Intentionally provocative- ‘anti-establishment’, with designs reflecting the economic, social, and political contexts of 1970s Britain, and later, fetish and sado-masochism, Westwood was never one to shy away from making a statement with fashion.
It’s very important to look great if you want to make a point because then people will listen to you more.
In holding a middle finger up to the upper classes, she sought to inspire the disillusioned youth of Britain into political action by challenging the status quo.

I’ve constantly tried to provoke people into thinking afresh and for themselves, to escape their inhibitions and programming.
Vivienne and Malcolm used clothes to shock, irritate, and provoke a reaction.
But also, to inspire change.

How it all began
Vivienne began by designing and making Teddy Boy clothes for Malcolm in 1971, when they opened a small boutique called ‘Let it Rock’ at number 430 Kings Road, Chelsea in London. Let it Rock catered to the Teddy Boy Subculture — draped jackets, a lot of leather, and clunky shoes.
A year later, however, Vivienne re-branded as ‘Too Fast to Live, Too Young to Die’, with her interests having turned to biker clothing, zips, and leather (a more ‘rocker’ aesthetic).
It was around that time when clothes were gaining popularity among the subculture youth, who would meet up to hang out in the shop like it was a networking place.
This is how the Sex Pistols were born, via a(nother) rebranding, this time to ‘SEX’ (Slogan: rubberwear for the office’), where sexual fetishism and bondage were transformed into fashion, ‘punk rock’, as it was labelled by the media…
With its walls scrawled with graffiti from the SCUM Manifesto — the radical feminist writings of Valerie Solanas, the more controversial style of fashion sold at SEX saw Westwood and McLaren being prosecuted in 1975 under the 1959 Obscene Publications Act, which made it an offense to publish “obscene” material and gave the police powers to seize items they deemed explicit.
The source of their prosecution?
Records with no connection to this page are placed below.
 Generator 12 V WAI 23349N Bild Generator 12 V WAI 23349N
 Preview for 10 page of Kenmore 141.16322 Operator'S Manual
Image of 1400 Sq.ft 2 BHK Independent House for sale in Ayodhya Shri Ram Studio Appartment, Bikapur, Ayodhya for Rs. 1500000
A ‘gay cowboy’ shirt (pictured below).

Of the youth who frequented SEX, were who would go on to become employees, most notably, Jordan (below).
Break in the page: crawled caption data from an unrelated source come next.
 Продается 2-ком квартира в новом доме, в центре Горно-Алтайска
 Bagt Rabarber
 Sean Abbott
In her rubber clothes and theatrical make-up, British rail would put Jordan in first class during her daily commute to work, ‘for her own protection/so as not to “upset” other passengers’, they said.
People would say to me:
‘What the fuck do you think you look like?’ They didn’t realise that how I looked was what I was trying to tell them.

Who else frequented SEX?
The Sex Pistols were formed in 1975 off the back of the members, Jonny Rotten, Steve Jones, Paul Cook, Glen Matlock, and later, Sid Vicious, being some of the ‘punk youth’ who would regularly meet at the West London store.
McLaren managed the band, with both his and Westwood’s views influencing The Sex Pistols songwriting, in which their songs about politics and social conditions resonated with alienated working-class British youth.
And the band were, of course, kitted out in Westwood’s clothes to mirror their anarchist ethos, with The Sex Pistols first single being aptly named ‘Anarchy in the U.K.’
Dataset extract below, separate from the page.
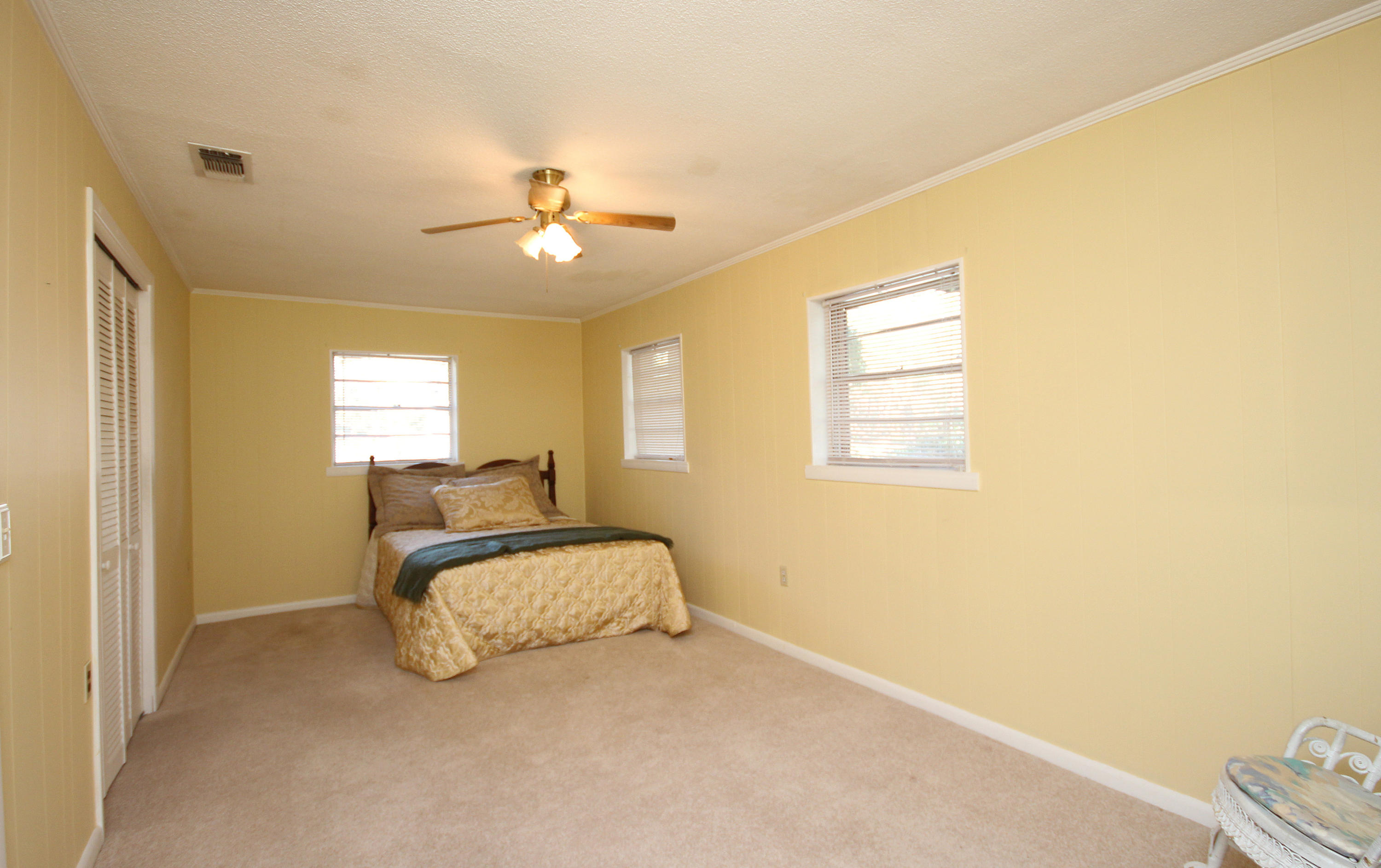 SEMINOLE - Residential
What started off as a way to promote the store in Mclaren’s formulation of the Sex Pistols, became something so much bigger…
So much so that SEX was rebranded again in 1976, for the final time under Westwood and Mclaren as Seditionaries (seditionaires became ‘Worlds End’ in 1980 after their relationship came to an end), with the inventory reflecting the surging popularity of the Sex Pistols.
‘Seditionaries’ read the brass plaque on the wall outside, ‘is for soldiers, prostitutes, dykes, and punks.’

Most famous of Westwood and McLaren’s controversial pieces was the “God Save the Queen” t-shirt (design pictured above) which was created by the duo in 1977, the same year that Queen Elizabeth was to celebrate her Silver Jubilee, and when The Sex Pistols second single was released under the same name (‘God Save the Queen’).
The t-shirt represented what Punk culture stood for:
Non-conformity, direct action, and rebellion.
“God save the queen / The fascist regime / … She ain’t no human being…”
Little did Westwood know back in the 70s that, despite her anti-establishment attitude and rebellious nature, as above, she would later form a relationship with the Royal Family.
In fact, something that few people know is that the Vivienne Westwood logo itself was inspired by the Royal Family- inspired by an encounter with our now King (then prince), Charles…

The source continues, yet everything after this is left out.